Ingredients
Equipment
Method
- Line a standard 12-cup muffin tin with paper liners. In a medium bowl, combine the graham cracker crumbs and granulated sugar. Pour in the melted butter and mix with a fork until the crumbs are evenly moistened, like wet sand.
- Spoon about 1 ½ to 2 tablespoons of the crumb mixture into each liner. Use the bottom of a small glass to press the crumbs down firmly into a compact base. Place the tin in the freezer to set while you prepare the filling.
- In a large bowl, using an electric mixer, beat the softened cream cheese on medium speed until completely smooth and free of lumps. Scrape down the sides of the bowl.

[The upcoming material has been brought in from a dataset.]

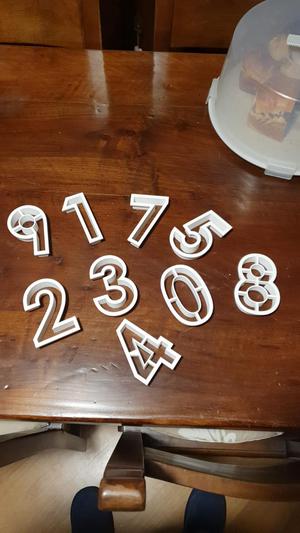 Pastry cutters Numbers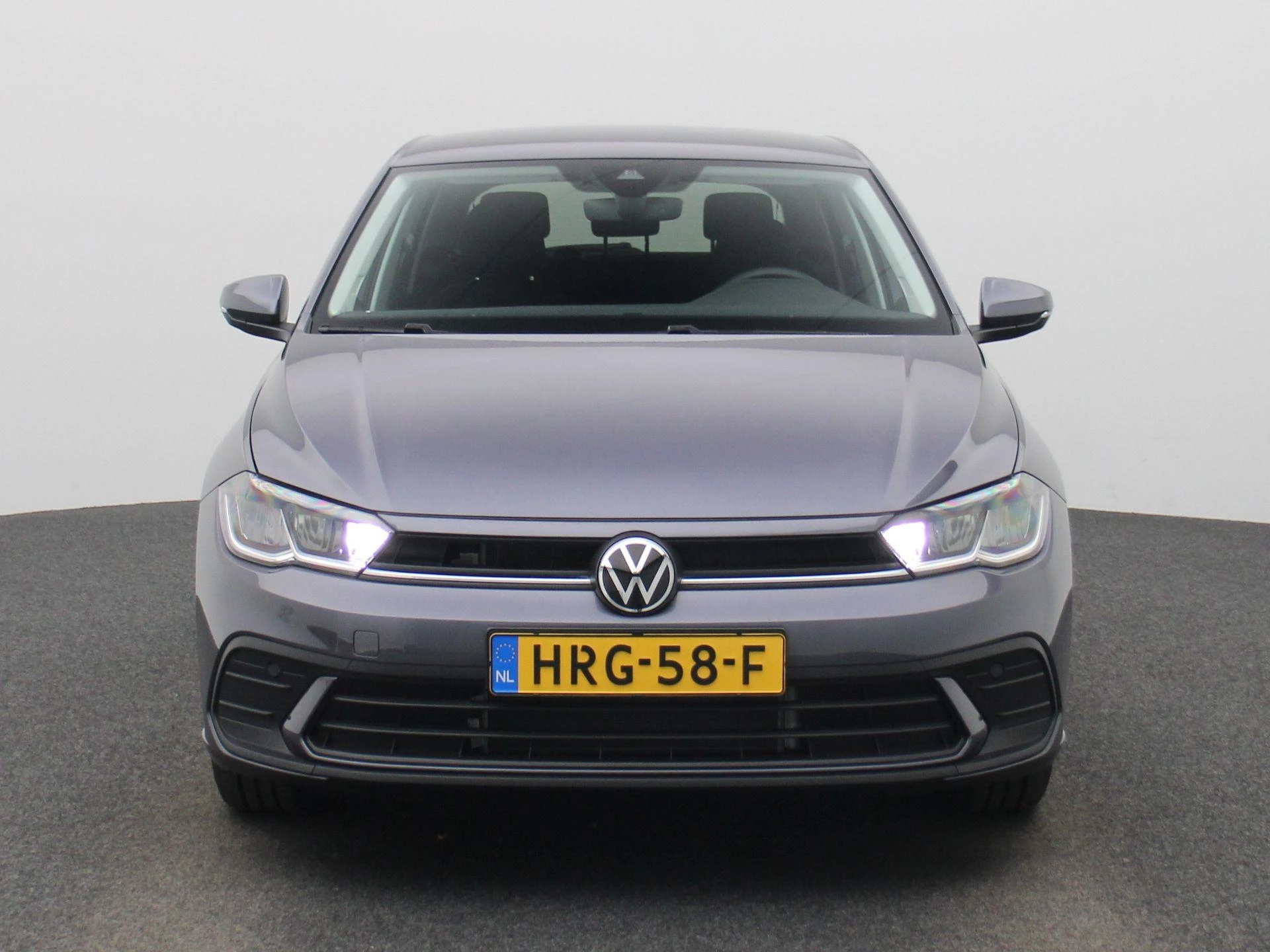 Volkswagen-Polo-image-2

- Pour in the sweetened condensed milk and beat on low speed until just combined. Add the fresh Key lime juice and mix on low until the mixture is smooth and has slightly thickened. Do not over-mix.
- Remove the muffin tin from the freezer. Spoon or pipe the Key lime filling evenly into each cup over the crusts. Smooth the tops with a small spatula or the back of a spoon.
- Cover the muffin tin with plastic wrap and refrigerate for at least 4 hours, or preferably overnight, until the filling is firm and fully set.
- Just before serving, make the topping. In a chilled bowl, combine the heavy whipping cream, powdered sugar, and vanilla extract. Beat with an electric mixer on medium-high speed until stiff peaks form.
- Top each mini pie with a dollop or pipe a swirl of whipped cream. Garnish with fresh lime zest and a thin slice of lime. Serve immediately.
- Store any leftover pies covered in the refrigerator for up to 3 days.
Notes
For the best flavor, use freshly squeezed Key lime juice; its aromatic and floral notes are superior to bottled juice. Ensure your cream cheese is fully softened to room temperature to avoid a lumpy filling. Chilling the pies for at least 4 hours is crucial for the filling to set properly. For variations, try a crust made from vanilla wafers or Biscoff cookies, or add ½ cup of toasted coconut to the graham cracker crumbs for a tropical twist.